Vicarious Liability May Be Used to State a FACTA Claim

Vicarious liability may be used to state a claim under the FACTA provision prohibiting a retailer from printing a credit card expiration date on a receipt.  See Keith v. Back Yard Burgers of Nebraska, Inc., No. 8:11-CV-135 (D. Neb. Apr. 13, 2012).  According to the court, only one other unreported decision had addressed a franchisor’s vicarious liability under FACTA.  Below, we discuss some considerations for retailers and franchisors arising from this ruling.

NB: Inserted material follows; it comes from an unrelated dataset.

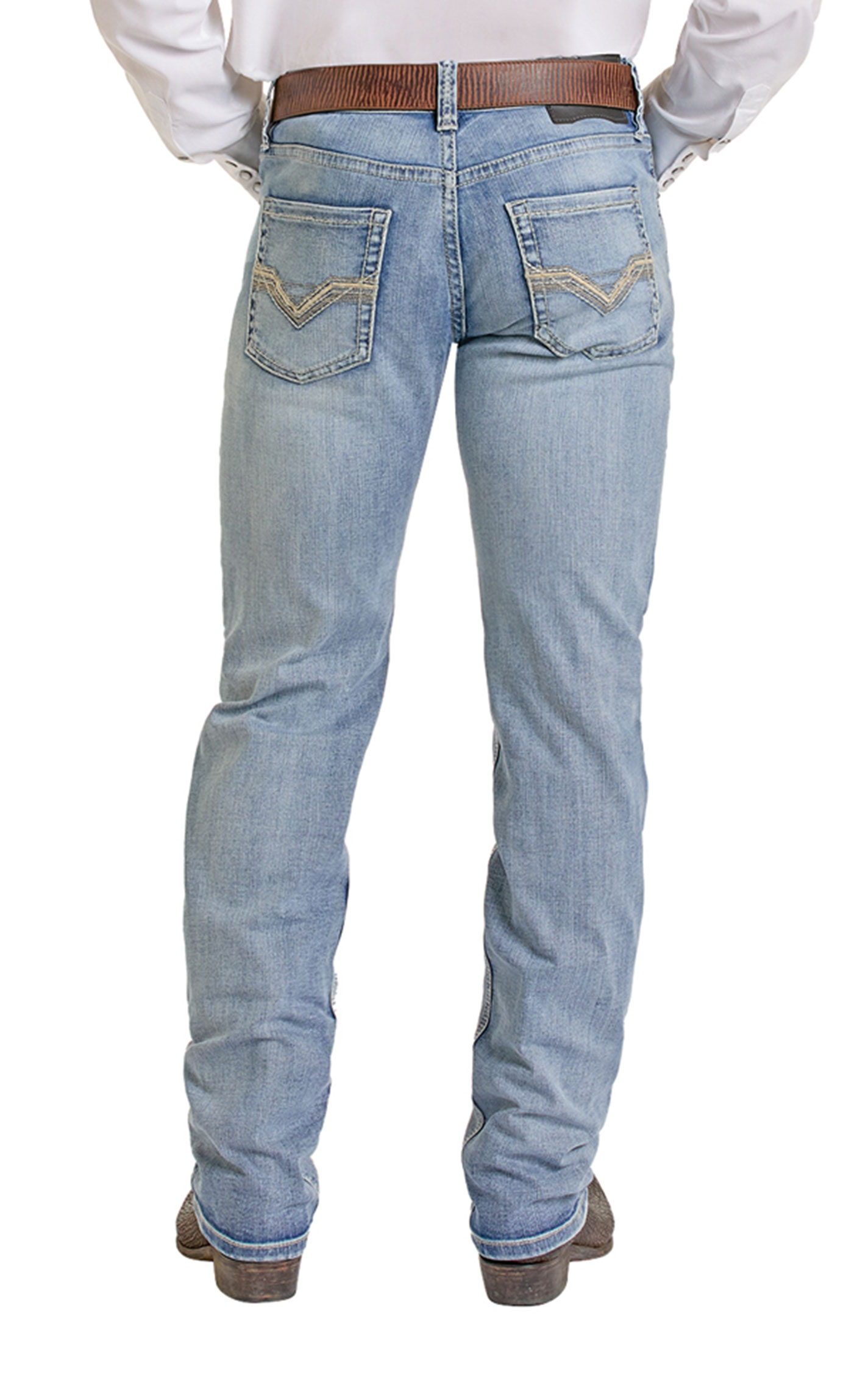 Rock & Roll Denim Men's Light Wash Pistol Stackable Boot Cut Jeans - Image 1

In Keith, a franchisee Back Yard Burgers restaurant printed credit and debit card expiration dates on its cash register receipts.  The plaintiff sued both the franchisee restaurant and the franchisor for a violation of the Fair and Accurate Credit Transaction Act of 2003 (“FACTA”), 15 U.S.C. § 1681c(g)(1), which prohibits this practice.  The plaintiff alleged that the franchisor was vicariously liable because it exercised significant and actual control over the franchisee’s business activities, including point of sale policies and procedures.  The franchisor answered and moved for judgment on the pleadings, arguing, in essence, that it had no liability because it was not the entity that accepted Plaintiff’s debit card and handed him a receipt, nor was it vicariously liable for the acts of its franchisee.

The court denied the franchisor’s motion and concluded that vicarious liability is a viable basis to state a claim for a FACTA violation.  In so doing, the court relied on an unreported opinion from the Western District of Pennsylvania, which applied common law agency principles to conclude that vicarious liability may exist under FACTA if a franchisor exercises control sufficient to establish a master-servant relationship.  See Patterson v. Denny’s Corp., No. 07-1161, 2008 WL 250552, *2 (W.D. Penn. Jan. 30, 2008).  Because the Keith order only resolved a motion for judgment for the pleadings, the court was required to read the pleadings in the light most favorable to the plaintiff, and the court therefore denied the franchisor’s motion.

Given that vicarious liability is possible under FACTA under Keith, retailers and franchisors should consider the following:

  • The law has prohibited retailers from printing expiration dates on receipts since 2003 when FACTA was enacted.
  • Franchisors should be careful to provide sufficient guidance to their franchisees regarding proper point of sale procedures, but not provide so much oversight that they establish a master-servant relationship with their franchisee.  If the proper guidance is followed, it may help prevent lawsuits in the first instance.  And if the advice is not followed, a franchisor may have a defense against ultimate liability – even if it cannot eliminate a plaintiff’s claims against it at an early stage in the litigation.
  • Franchisors may consider including indemnity provisions in their franchise agreements that plainly apply to privacy-related claims, especially ones that arise from guidance that was provided, but not followed.  Although an indemnity provision will not prevent a lawsuit, it may provide a franchisor with a valuable counterclaim against its franchisee if the plaintiff ultimately prevails.